Comme Himmler s’efforçait en outre d’absorber peu à peu l’Administration policière de ces territoires, la réalisation des programmes prévus pour des motifs politiques ou idéologiques était forcément en retard, du point de vue des personnels, sur les prévisions initiales.

En ce qui concerne la France, les quelques milliers de membres de la police de sûreté et du SD – même assistés d’un nombre considérable d’agents, d’auxiliaires et de dénonciateurs recrutés sur place – auxquels il faut ajouter moins de 10.000 membres de la police de maintien de l’ordre, ne suffisaient pas à la tâche (33) .

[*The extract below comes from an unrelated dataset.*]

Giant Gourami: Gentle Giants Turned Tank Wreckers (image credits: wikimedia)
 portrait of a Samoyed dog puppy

Ils étaient pour la plupart employés dans les états-majors, les écoles, les organismes de ravitaillement ou les écoutes radio. En fait d’unités disponibles, on ne pouvait compter avec certitude que sur le 19e régiment de police et sur une unité d’instruction de volontaires SS originaires de Galicie, stationnée à Tarbes ; encore cette dernière fut-elle dissoute en juin 1944.

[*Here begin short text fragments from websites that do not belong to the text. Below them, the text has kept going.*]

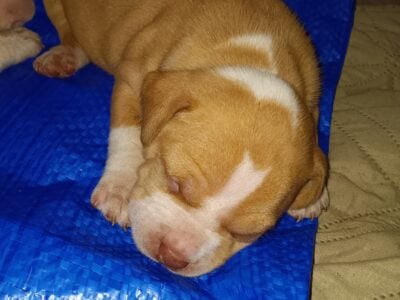 Pittbull puppies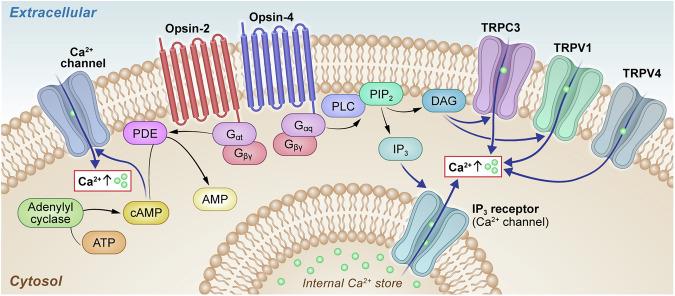 https://cdn.ncbi.nlm.nih.gov/pmc/blobs/6e88/12166083/6134406fb73f/42003_2025_8358_Fig2_HTML.jpg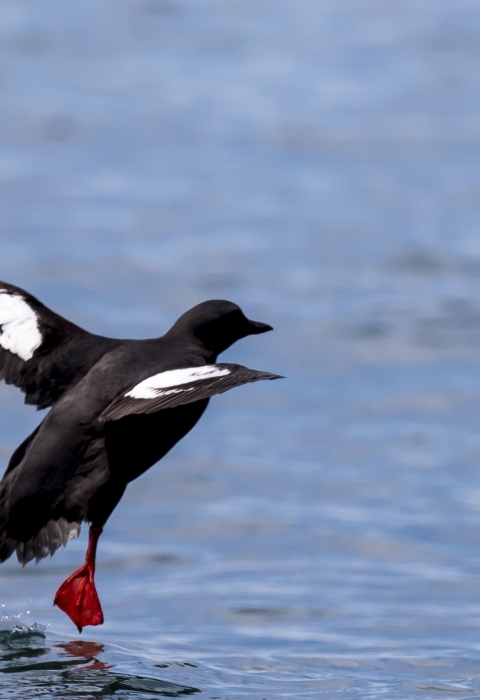 a black and white seabird taking off from water.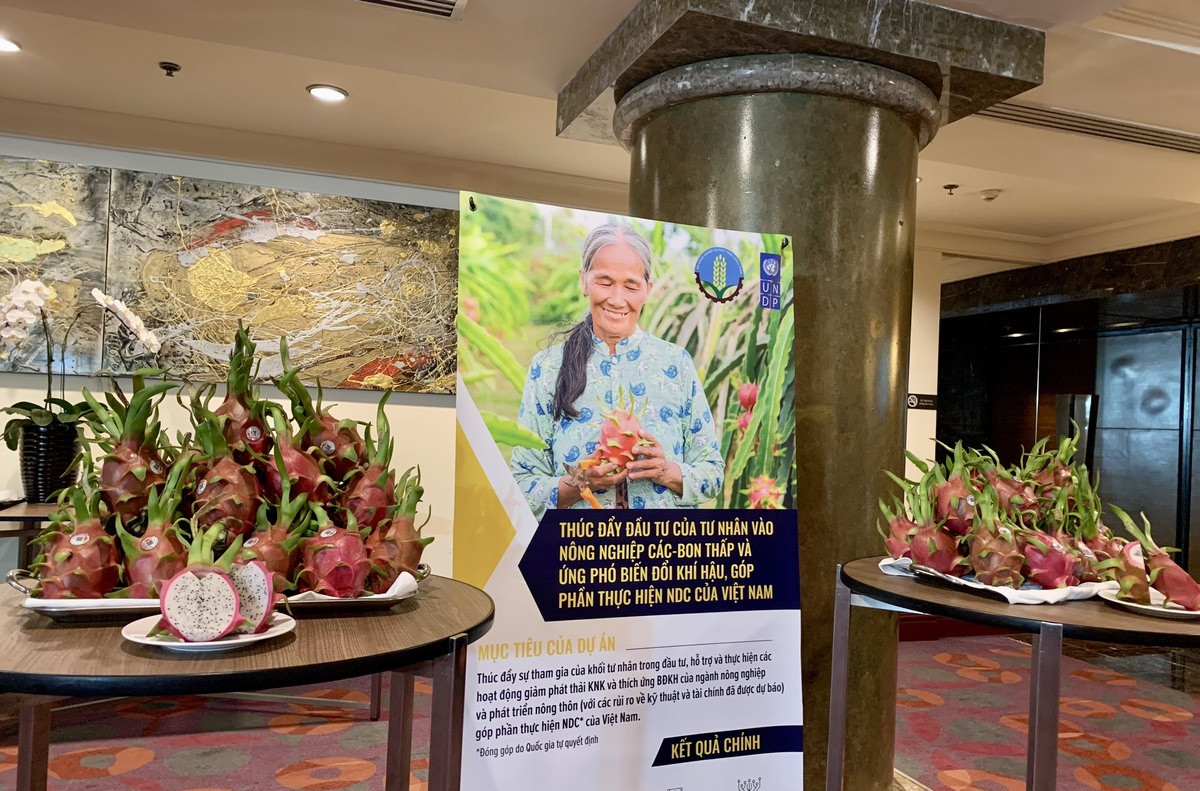 9 hanh trinh phat trien ben vung cua thanh long viet nam.jpg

Ainsi la police, répartie en de nombreuses localités, n’avait pas une grande efficacité pour la répression de la Résistance. La police de sûreté et le SD (34) , qui, sous prétexte de sécurité, internèrent encore en 1944 des milliers de Français dans les camps de concentration et poursuivirent les déportations de Juifs jusqu’au milieu de l’été, servaient surtout d’organes de renseignements pour le combat intérieur, bien plus que les services militaires de contre-espionnage en voie de dislocation et qui s’occupaient en premier lieu des cas de trahison qui se multipliaient dans la Wehrmacht.

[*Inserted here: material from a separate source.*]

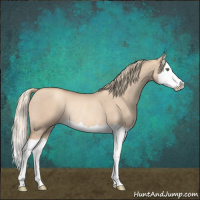 Horse Color:Gold Champagne Dun Splash Rabicano 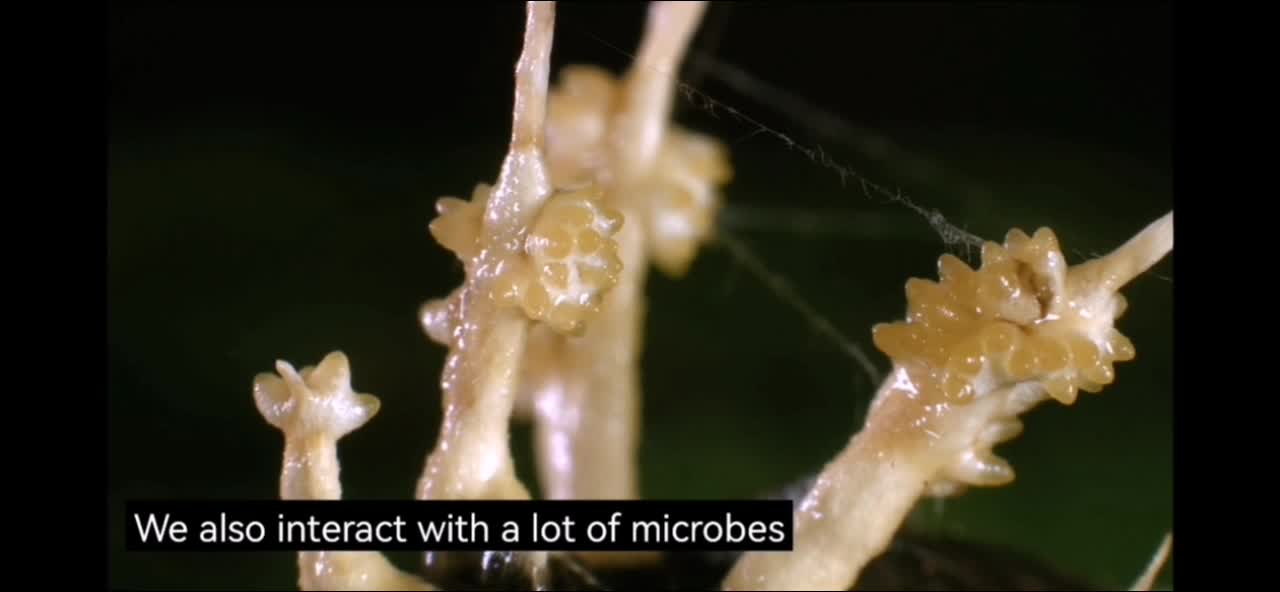 The biology Behind The last of us 🍄🧟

(24) Rapport Oberg du 28 août 1943

(25) Rapport du 1er décembre 1943 de la commission allemande d’Armistice n° 9

(26) Rapport Oberg du 23 novembre 1943

(27) Abwehr III du 13 janvier 1944

(28) Rapport n° 9 de la commission d’armistice

(29) Lettre n° 3746/43 g du 25 juillet 1943

(30) Directive Oberg n° 186/44 g du 12 février 1944

(31) Télégramme Oberg à Himmler du 5 février 1944

(32) Rapport KDS Rennes

(33) Télégramme Oberg à Himmler du 24 mars 1944

(34) Depuis fin 1942, le SD se substituait progressivement à l’Abwehr III pour aboutir en 1943 à la dissolution de l’Abwehr et à la création des Kommandos

La lutte contre la Résistance et les Maquis

C’est aussi le manque d’énergie qui caractérisa la lutte menée par les militaires allemands contre la Résistance française armée ; celle-ci ne présenta à leurs yeux qu’une importance secondaire, tant que la sécurité des troupes ne leur sembla pas sérieusement menacée, – menace qui ne se réalisa que tardivement. Le fait qu’à partir du début de 1944, des zones du sud de la France passèrent sous le contrôle de la Résistance, n’inquiéta pas trop les Allemands, dans la mesure où leur liberté de mouvements n’en fut pas non plus très affectée.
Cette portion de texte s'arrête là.